Du point de vue de Quentin Julien-Saavedra, enseignant en Arts du spectacle à l’Université de Grenoble, ces personnes ne sont pas simplement fascinés par les animaux à fourrure ou nostalgiques de leur enfance. Dans la revue Multitudes, il écrit : « la participation à cette collectivité semble réellement transformer l’identité de ceux qui s’y reconnaissent, en ce qu’ils s’imaginent un corps et un « être » hybride à la fois humain et animal”. Implantée massivement en Angleterre ou en Allemagne depuis les années 80, cette sub-culture a pris un nouvel essor avec Internet, permettant aux furries de communiquer « à travers le prisme des écrans, forums, t’chats, webcams, etc. » Ces technologies leur offre l’occasion de n’afficher que leur identité hybride.
« Il serait faux de dire qu’il existe un profil type du furry-fan » ajoute Benoît Clariana-Roig, « on vient tous pour une raison qui est différente ». Parmi elles, on peut citer par exemple le plaisir de se costumer, de performer, pour l’art et la création numérique, les jeux et dessins animés, la spiritualité (s’identifier à un animal totem), ou la sexualité.
« Yiff », l’art érotique anthropomorphiste
Dans la plupart des médias, c’est cette dimension sexuelle et érotique qui cristallise l’attention. À tel point qu’un mot (« Yiff »), est apparu pour désigner l’ensemble de ces pratiques. Pourtant, ce fantasme est loin d’être partagé par la majorité des furries. En 2014, une doctorante en psychologie spécialisée dans la sexualité s’était rendue à une convention rassemblant plus de 700 participants. Citée dans un article de Slate.fr, elle relate n’avoir assisté qu’à des « scènes banales » et rien de ressemblant à une « réunion libertine ».

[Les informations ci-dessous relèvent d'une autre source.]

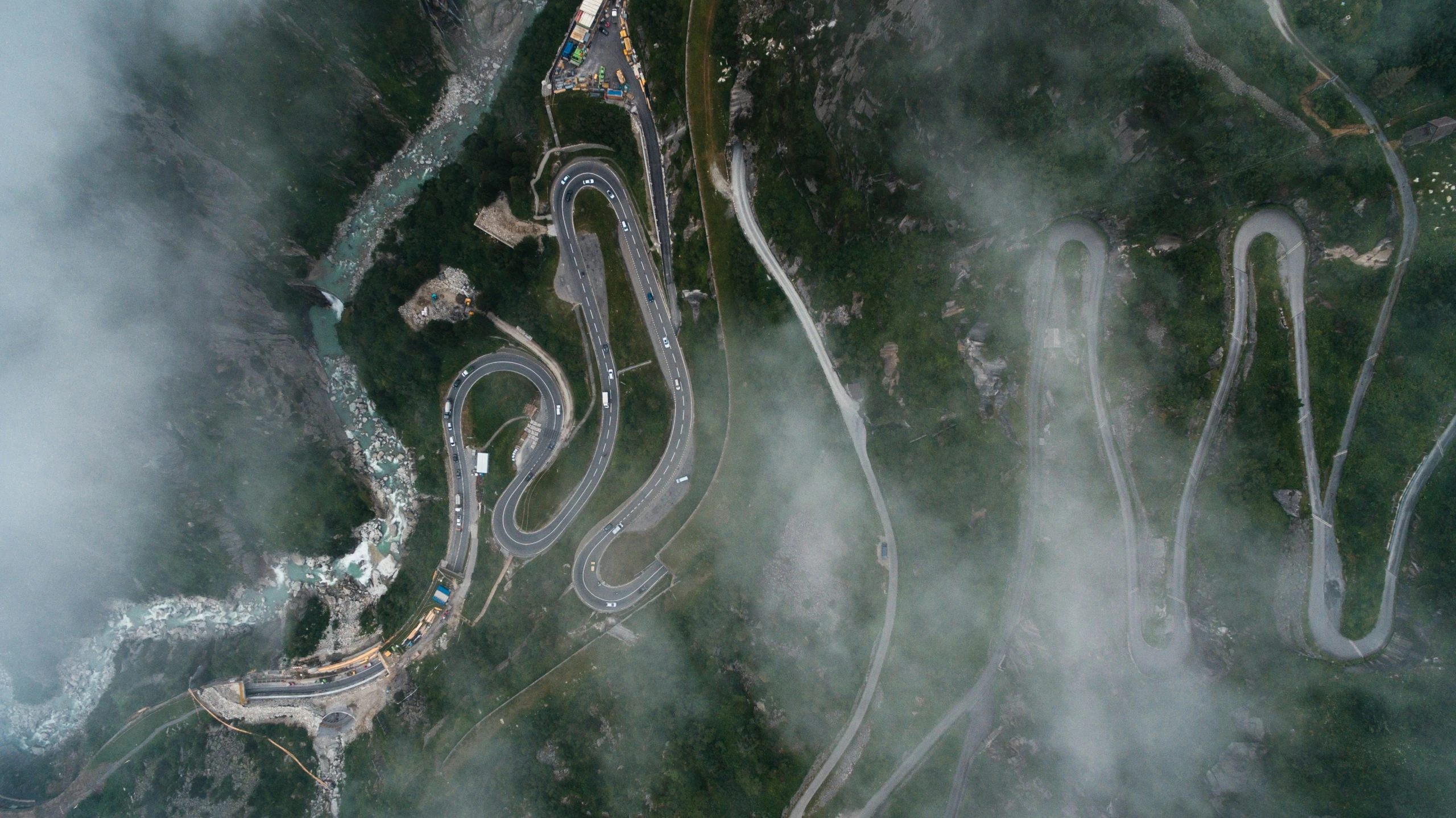 aerial view of road curves and trees near a cloudy sky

C’est cette ambiance conviviale et bon enfant qui est mise en avant par l’association Lorraine Furs. Grâce à un partenariat avec Épinal, elle propose des animations à destination du grand public et des familles, à l’image d’une « Furwalk » mensuelle dans des parcs de la ville.
Une Furry Lorraine
Il est devenu habituel que chaque communauté importante de fans sur Internet voit apparaître dans son sillage un déluge de haine, et le furry fandom ne fait pas exception à la règle. Il cristallise ainsi une détestation importante, qualifiée d’« anti-furries ». Pour le président de Lorraine Furs, elle est lié au contexte d’apparition en marge des conventions de science-fiction. « Tout le monde se tire sans arrêt dans les pattes. Ils (ndlr: les participants à ces conventions) ont toujours été en lutte contre nous. »
Il est aussi possible d’expliquer cette aversion par l’existence même du furry fandom. Il s’agit en effet d’une forme de sub-culture située en dehors des normes sociales habituelles, dont les membres revendiquent le fait d’être différents et de ne pas avoir de place dans la société.
D’un revers de main, Benoît Clariana-Roig balaye cette hostilité : « ce n’est pas quelque chose dont il faut se formaliser. Ce n’est pas pour ça qu’on va rester cachés ! ». Il reconnait qu’après 20 ans sans réelle promotion en France, le Furry Fandom a encore du chemin à faire. Mais compte tenu de la proximité géographique et de la popularité du mouvement outre-Rhin, il compte en profiter pour le développer . Pour l’instant, il n’existe toujours qu’une seule et unique association régionale en France. Elle se situe en Lorraine.